Allen: It sounds funny, but you should try sitting on the couch, watching tv with your balls resting on a phone book.
Conan: Done that. I didn't have anything wrong with me, either.
Allen: (laughing) You just like to do it. So I was looking for one of those hard boiled egg cups --
Conan: Oh, stop!
Allen: Those are hard to find. My grandmother had them, but I can't find them anywhere.

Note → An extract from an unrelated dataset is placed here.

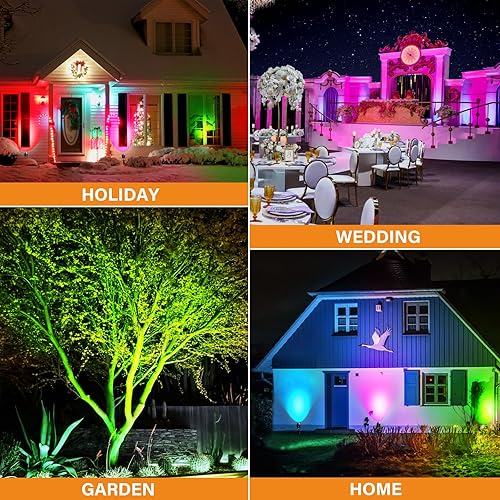 Miniatura 5 de Luces LED RGBW de 10W para Paisaje, Focos para Exteriores para Decoración de Patio y Jardín, Reflector de Iluminación de Paisaje con Cambio de 16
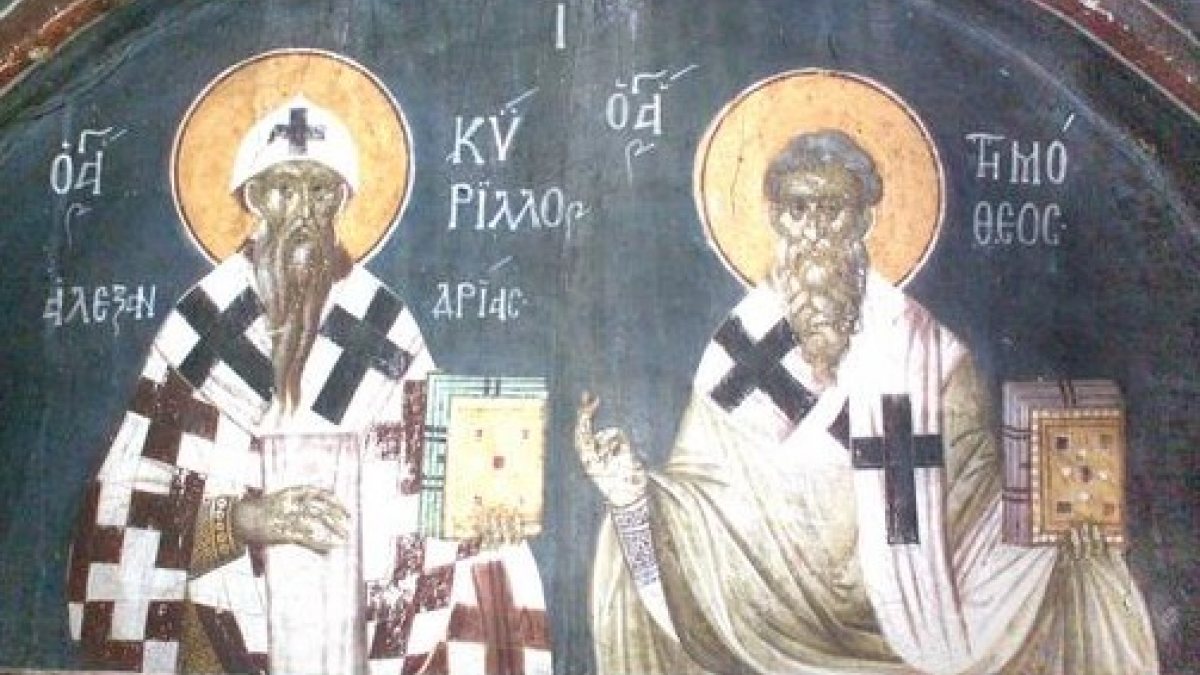 Timotheus (rechts) mit Cyrill von Alexandria, Fresko im Kloster Gracanica im Kosovo. (Joachim Sch&auml;fer - <a href="www.heiligenlexikon.de">&Ouml;kumenisches Heiligenlexikon</a>)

Conan: But everything's fine now?
Allen: Yeah, except I feel a little queasy. I had a motion ham sandwich earlier.
Conan: Alright, alright.
Allen: I laughed!
Conan: You like motion ham, right?
Allen: I laughed! I was in the dressing room laughing my ass off. I thought the joke was a little eh. I watch the View, Star Jones seems like a nice person. But the words "motion ham."
Conan: That's funny. It was in no way meant to disparage Star. But just "motion ham." Uhm, let's talk about the movie.
Allen: Sure.
Conan: Very funny movie, and we have a clip here. What do we need to know? Basically this is Adam Sandler, with a kid.
Allen: Right. Adam is going out with a girl, played by Kristi Swanson. She says "I'm leaving you because you're irresponsible." Because, he is. To prove to her that he has responsibility, he adopts a five year old boy. She leaves him anyway. So then, he's stuck with this kid.
Conan: Mmmhmm.
Allen: Are we going to show the clip now?
Conan: Yeah!
Allen: Oh, okay, cool.
Conan: Do we need to know anything else?
Allen: In this clip, it's me, and the guy who plays my boyfriend...
Conan: We'll get to that in a second.
Allen: Yeah, we'll get to that in a second.
Conan: Because you play - well, let's talk about it now. You are part of a gay couple.
Allen: I play part of a gay couple. Me, and Peter Dante, who was the quarterback in the Waterboy. We play two friends of Adam's - we all went to law school together, and at the end of law school, we decided to tell our friends that we were in love with each other.
Conan: Right. And you have a kissing scene?
Allen: Yeah.
Conan: Was that tough for you?
Allen: I don't know. It wasn't that bad. There were like, lights, and people - it wasn't like we were in my bedroom makin' out or something. You know, it was kind of business-like.
Conan: Who suggested THAT, by the way?
Allen: What, the kiss, or making out in my bedroom?
Conan: Well, no one implied THAT, that was just you.
Allen: Well, I was just saying. . . C'mon, Conan.
(laughter)
Allen: The band liked that one.
Conan: Yeah, well, as long as THEY'RE happy, I'm happy. But we have to get to this clip.
Allen: Yeah yeah, so in this clip, Adam's had the kid for a few days. Peter and I go and visit him to see how they're doing.
[They show the clip where Frankenstein hits Allen in the back of the leg with the stick.]
Conan: I hope that was a rubber stick, for your sake.
Allen: No.
Conan: Big Daddy opens this Friday, and thanks for coming back on the show. Allen Covert, everybody.